Assignment:
Print all entries precisely as they are written.

Dataset excerpts:

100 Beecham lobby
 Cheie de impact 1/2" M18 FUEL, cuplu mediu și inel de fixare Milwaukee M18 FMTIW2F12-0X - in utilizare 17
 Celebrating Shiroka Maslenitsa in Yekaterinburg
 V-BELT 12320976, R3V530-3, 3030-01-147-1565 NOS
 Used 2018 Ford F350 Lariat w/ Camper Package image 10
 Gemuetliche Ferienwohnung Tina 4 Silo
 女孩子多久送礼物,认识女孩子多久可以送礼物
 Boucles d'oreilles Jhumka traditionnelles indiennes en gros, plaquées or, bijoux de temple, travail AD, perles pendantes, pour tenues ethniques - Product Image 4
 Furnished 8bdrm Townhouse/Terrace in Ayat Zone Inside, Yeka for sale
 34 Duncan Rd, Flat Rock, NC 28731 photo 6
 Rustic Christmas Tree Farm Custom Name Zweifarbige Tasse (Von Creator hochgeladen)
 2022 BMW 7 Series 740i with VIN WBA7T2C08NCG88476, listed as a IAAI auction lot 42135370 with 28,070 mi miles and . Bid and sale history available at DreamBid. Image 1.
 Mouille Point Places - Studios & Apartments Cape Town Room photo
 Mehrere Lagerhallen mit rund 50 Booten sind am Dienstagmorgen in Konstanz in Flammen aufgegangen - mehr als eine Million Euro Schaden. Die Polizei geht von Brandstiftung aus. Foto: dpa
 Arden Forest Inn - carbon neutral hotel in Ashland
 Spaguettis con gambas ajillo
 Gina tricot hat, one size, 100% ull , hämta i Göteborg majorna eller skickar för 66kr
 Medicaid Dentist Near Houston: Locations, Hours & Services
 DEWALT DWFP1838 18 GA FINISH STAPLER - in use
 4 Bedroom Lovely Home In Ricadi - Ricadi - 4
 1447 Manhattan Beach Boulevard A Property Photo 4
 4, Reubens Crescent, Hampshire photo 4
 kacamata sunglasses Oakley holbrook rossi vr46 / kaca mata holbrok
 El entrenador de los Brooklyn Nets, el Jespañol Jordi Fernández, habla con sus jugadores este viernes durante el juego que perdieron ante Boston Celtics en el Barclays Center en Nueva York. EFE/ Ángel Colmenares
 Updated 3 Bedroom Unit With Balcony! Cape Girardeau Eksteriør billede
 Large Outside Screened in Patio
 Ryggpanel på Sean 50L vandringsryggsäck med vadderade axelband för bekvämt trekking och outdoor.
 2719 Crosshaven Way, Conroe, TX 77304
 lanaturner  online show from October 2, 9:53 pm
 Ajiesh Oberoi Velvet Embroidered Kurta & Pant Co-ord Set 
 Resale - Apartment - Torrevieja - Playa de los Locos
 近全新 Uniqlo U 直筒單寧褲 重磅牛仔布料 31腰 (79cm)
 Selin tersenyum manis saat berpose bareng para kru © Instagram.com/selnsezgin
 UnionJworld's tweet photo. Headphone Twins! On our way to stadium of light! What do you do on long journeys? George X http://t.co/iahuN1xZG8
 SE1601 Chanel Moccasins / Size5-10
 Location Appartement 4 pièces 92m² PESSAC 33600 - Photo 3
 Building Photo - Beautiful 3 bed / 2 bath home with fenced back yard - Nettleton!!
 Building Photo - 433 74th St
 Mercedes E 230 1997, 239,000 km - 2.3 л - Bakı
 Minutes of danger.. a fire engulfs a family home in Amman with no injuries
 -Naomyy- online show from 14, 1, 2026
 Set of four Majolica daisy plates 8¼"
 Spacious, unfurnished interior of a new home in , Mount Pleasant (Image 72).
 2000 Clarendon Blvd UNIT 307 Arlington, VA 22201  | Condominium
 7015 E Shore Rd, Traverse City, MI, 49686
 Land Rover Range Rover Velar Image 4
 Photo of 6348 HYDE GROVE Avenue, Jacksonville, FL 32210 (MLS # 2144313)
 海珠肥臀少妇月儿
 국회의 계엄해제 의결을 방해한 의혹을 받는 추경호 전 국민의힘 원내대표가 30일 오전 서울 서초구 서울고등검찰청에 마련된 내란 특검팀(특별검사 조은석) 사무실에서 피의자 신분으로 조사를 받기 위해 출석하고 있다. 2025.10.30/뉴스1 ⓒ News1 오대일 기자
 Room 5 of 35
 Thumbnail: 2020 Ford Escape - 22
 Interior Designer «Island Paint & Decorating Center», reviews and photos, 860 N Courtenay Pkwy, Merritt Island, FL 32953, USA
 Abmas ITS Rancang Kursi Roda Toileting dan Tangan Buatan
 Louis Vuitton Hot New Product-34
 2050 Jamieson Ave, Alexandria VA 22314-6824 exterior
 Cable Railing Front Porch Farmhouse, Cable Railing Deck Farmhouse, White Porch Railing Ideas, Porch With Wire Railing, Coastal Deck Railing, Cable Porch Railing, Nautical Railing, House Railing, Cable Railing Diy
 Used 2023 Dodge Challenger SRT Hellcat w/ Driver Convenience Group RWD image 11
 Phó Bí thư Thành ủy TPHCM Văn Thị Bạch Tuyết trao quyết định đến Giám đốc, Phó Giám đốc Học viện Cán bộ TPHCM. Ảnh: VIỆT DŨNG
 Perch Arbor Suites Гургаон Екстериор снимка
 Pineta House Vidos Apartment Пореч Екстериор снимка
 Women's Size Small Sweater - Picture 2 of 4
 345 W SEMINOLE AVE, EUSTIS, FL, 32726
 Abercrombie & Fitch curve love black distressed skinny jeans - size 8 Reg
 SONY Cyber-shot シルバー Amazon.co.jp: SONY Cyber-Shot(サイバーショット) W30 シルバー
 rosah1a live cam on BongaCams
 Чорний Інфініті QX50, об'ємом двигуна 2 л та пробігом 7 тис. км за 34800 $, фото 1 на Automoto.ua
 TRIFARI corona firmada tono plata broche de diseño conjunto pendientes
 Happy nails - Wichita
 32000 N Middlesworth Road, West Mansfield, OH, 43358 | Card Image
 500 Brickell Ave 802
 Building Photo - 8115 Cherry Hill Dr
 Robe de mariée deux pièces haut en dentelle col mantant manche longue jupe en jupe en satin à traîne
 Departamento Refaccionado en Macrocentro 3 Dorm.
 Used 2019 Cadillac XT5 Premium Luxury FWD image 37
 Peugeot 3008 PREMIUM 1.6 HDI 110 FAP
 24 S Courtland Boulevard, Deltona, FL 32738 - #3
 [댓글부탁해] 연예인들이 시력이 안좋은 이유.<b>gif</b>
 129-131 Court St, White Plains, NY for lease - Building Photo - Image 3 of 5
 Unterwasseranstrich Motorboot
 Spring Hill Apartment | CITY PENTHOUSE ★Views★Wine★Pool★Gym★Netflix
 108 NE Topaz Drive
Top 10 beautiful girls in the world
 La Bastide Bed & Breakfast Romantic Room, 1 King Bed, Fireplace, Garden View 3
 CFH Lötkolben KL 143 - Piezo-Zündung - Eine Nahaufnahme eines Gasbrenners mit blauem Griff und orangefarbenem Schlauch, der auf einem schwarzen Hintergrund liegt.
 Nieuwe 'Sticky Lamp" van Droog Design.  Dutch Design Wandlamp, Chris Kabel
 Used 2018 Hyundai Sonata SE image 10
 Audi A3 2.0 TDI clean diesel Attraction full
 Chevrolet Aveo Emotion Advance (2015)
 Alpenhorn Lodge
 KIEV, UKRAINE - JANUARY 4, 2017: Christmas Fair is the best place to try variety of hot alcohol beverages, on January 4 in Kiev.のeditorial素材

Problem solution:
100 Beecham lobby
 Cheie de impact 1/2" M18 FUEL, cuplu mediu și inel de fixare Milwaukee M18 FMTIW2F12-0X - in utilizare 17
 Celebrating Shiroka Maslenitsa in Yekaterinburg
 V-BELT 12320976, R3V530-3, 3030-01-147-1565 NOS
 Used 2018 Ford F350 Lariat w/ Camper Package image 10
 Gemuetliche Ferienwohnung Tina 4 Silo
 女孩子多久送礼物,认识女孩子多久可以送礼物
 Boucles d'oreilles Jhumka traditionnelles indiennes en gros, plaquées or, bijoux de temple, travail AD, perles pendantes, pour tenues ethniques - Product Image 4
 Furnished 8bdrm Townhouse/Terrace in Ayat Zone Inside, Yeka for sale
 34 Duncan Rd, Flat Rock, NC 28731 photo 6
 Rustic Christmas Tree Farm Custom Name Zweifarbige Tasse (Von Creator hochgeladen)
 2022 BMW 7 Series 740i with VIN WBA7T2C08NCG88476, listed as a IAAI auction lot 42135370 with 28,070 mi miles and . Bid and sale history available at DreamBid. Image 1.
 Mouille Point Places - Studios & Apartments Cape Town Room photo
 Mehrere Lagerhallen mit rund 50 Booten sind am Dienstagmorgen in Konstanz in Flammen aufgegangen - mehr als eine Million Euro Schaden. Die Polizei geht von Brandstiftung aus. Foto: dpa
 Arden Forest Inn - carbon neutral hotel in Ashland
 Spaguettis con gambas ajillo
 Gina tricot hat, one size, 100% ull , hämta i Göteborg majorna eller skickar för 66kr
 Medicaid Dentist Near Houston: Locations, Hours & Services
 DEWALT DWFP1838 18 GA FINISH STAPLER - in use
 4 Bedroom Lovely Home In Ricadi - Ricadi - 4
 1447 Manhattan Beach Boulevard A Property Photo 4
 4, Reubens Crescent, Hampshire photo 4
 kacamata sunglasses Oakley holbrook rossi vr46 / kaca mata holbrok
 El entrenador de los Brooklyn Nets, el Jespañol Jordi Fernández, habla con sus jugadores este viernes durante el juego que perdieron ante Boston Celtics en el Barclays Center en Nueva York. EFE/ Ángel Colmenares
 Updated 3 Bedroom Unit With Balcony! Cape Girardeau Eksteriør billede
 Large Outside Screened in Patio
 Ryggpanel på Sean 50L vandringsryggsäck med vadderade axelband för bekvämt trekking och outdoor.
 2719 Crosshaven Way, Conroe, TX 77304
 lanaturner  online show from October 2, 9:53 pm
 Ajiesh Oberoi Velvet Embroidered Kurta & Pant Co-ord Set 
 Resale - Apartment - Torrevieja - Playa de los Locos
 近全新 Uniqlo U 直筒單寧褲 重磅牛仔布料 31腰 (79cm)
 Selin tersenyum manis saat berpose bareng para kru © Instagram.com/selnsezgin
 UnionJworld's tweet photo. Headphone Twins! On our way to stadium of light! What do you do on long journeys? George X http://t.co/iahuN1xZG8
 SE1601 Chanel Moccasins / Size5-10
 Location Appartement 4 pièces 92m² PESSAC 33600 - Photo 3
 Building Photo - Beautiful 3 bed / 2 bath home with fenced back yard - Nettleton!!
 Building Photo - 433 74th St
 Mercedes E 230 1997, 239,000 km - 2.3 л - Bakı
 Minutes of danger.. a fire engulfs a family home in Amman with no injuries
 -Naomyy- online show from 14, 1, 2026
 Set of four Majolica daisy plates 8¼"
 Spacious, unfurnished interior of a new home in , Mount Pleasant (Image 72).
 2000 Clarendon Blvd UNIT 307 Arlington, VA 22201  | Condominium
 7015 E Shore Rd, Traverse City, MI, 49686
 Land Rover Range Rover Velar Image 4
 Photo of 6348 HYDE GROVE Avenue, Jacksonville, FL 32210 (MLS # 2144313)
 海珠肥臀少妇月儿
 국회의 계엄해제 의결을 방해한 의혹을 받는 추경호 전 국민의힘 원내대표가 30일 오전 서울 서초구 서울고등검찰청에 마련된 내란 특검팀(특별검사 조은석) 사무실에서 피의자 신분으로 조사를 받기 위해 출석하고 있다. 2025.10.30/뉴스1 ⓒ News1 오대일 기자
 Room 5 of 35
 Thumbnail: 2020 Ford Escape - 22
 Interior Designer «Island Paint & Decorating Center», reviews and photos, 860 N Courtenay Pkwy, Merritt Island, FL 32953, USA
 Abmas ITS Rancang Kursi Roda Toileting dan Tangan Buatan
 Louis Vuitton Hot New Product-34
 2050 Jamieson Ave, Alexandria VA 22314-6824 exterior
 Cable Railing Front Porch Farmhouse, Cable Railing Deck Farmhouse, White Porch Railing Ideas, Porch With Wire Railing, Coastal Deck Railing, Cable Porch Railing, Nautical Railing, House Railing, Cable Railing Diy
 Used 2023 Dodge Challenger SRT Hellcat w/ Driver Convenience Group RWD image 11
 Phó Bí thư Thành ủy TPHCM Văn Thị Bạch Tuyết trao quyết định đến Giám đốc, Phó Giám đốc Học viện Cán bộ TPHCM. Ảnh: VIỆT DŨNG
 Perch Arbor Suites Гургаон Екстериор снимка
 Pineta House Vidos Apartment Пореч Екстериор снимка
 Women's Size Small Sweater - Picture 2 of 4
 345 W SEMINOLE AVE, EUSTIS, FL, 32726
 Abercrombie & Fitch curve love black distressed skinny jeans - size 8 Reg
 SONY Cyber-shot シルバー Amazon.co.jp: SONY Cyber-Shot(サイバーショット) W30 シルバー
 rosah1a live cam on BongaCams
 Чорний Інфініті QX50, об'ємом двигуна 2 л та пробігом 7 тис. км за 34800 $, фото 1 на Automoto.ua
 TRIFARI corona firmada tono plata broche de diseño conjunto pendientes
 Happy nails - Wichita
 32000 N Middlesworth Road, West Mansfield, OH, 43358 | Card Image
 500 Brickell Ave 802
 Building Photo - 8115 Cherry Hill Dr
 Robe de mariée deux pièces haut en dentelle col mantant manche longue jupe en jupe en satin à traîne
 Departamento Refaccionado en Macrocentro 3 Dorm.
 Used 2019 Cadillac XT5 Premium Luxury FWD image 37
 Peugeot 3008 PREMIUM 1.6 HDI 110 FAP
 24 S Courtland Boulevard, Deltona, FL 32738 - #3
 [댓글부탁해] 연예인들이 시력이 안좋은 이유.<b>gif</b>
 129-131 Court St, White Plains, NY for lease - Building Photo - Image 3 of 5
 Unterwasseranstrich Motorboot
 Spring Hill Apartment | CITY PENTHOUSE ★Views★Wine★Pool★Gym★Netflix
 108 NE Topaz Drive
Top 10 beautiful girls in the world
 La Bastide Bed & Breakfast Romantic Room, 1 King Bed, Fireplace, Garden View 3
 CFH Lötkolben KL 143 - Piezo-Zündung - Eine Nahaufnahme eines Gasbrenners mit blauem Griff und orangefarbenem Schlauch, der auf einem schwarzen Hintergrund liegt.
 Nieuwe 'Sticky Lamp" van Droog Design.  Dutch Design Wandlamp, Chris Kabel
 Used 2018 Hyundai Sonata SE image 10
 Audi A3 2.0 TDI clean diesel Attraction full
 Chevrolet Aveo Emotion Advance (2015)
 Alpenhorn Lodge
 KIEV, UKRAINE - JANUARY 4, 2017: Christmas Fair is the best place to try variety of hot alcohol beverages, on January 4 in Kiev.のeditorial素材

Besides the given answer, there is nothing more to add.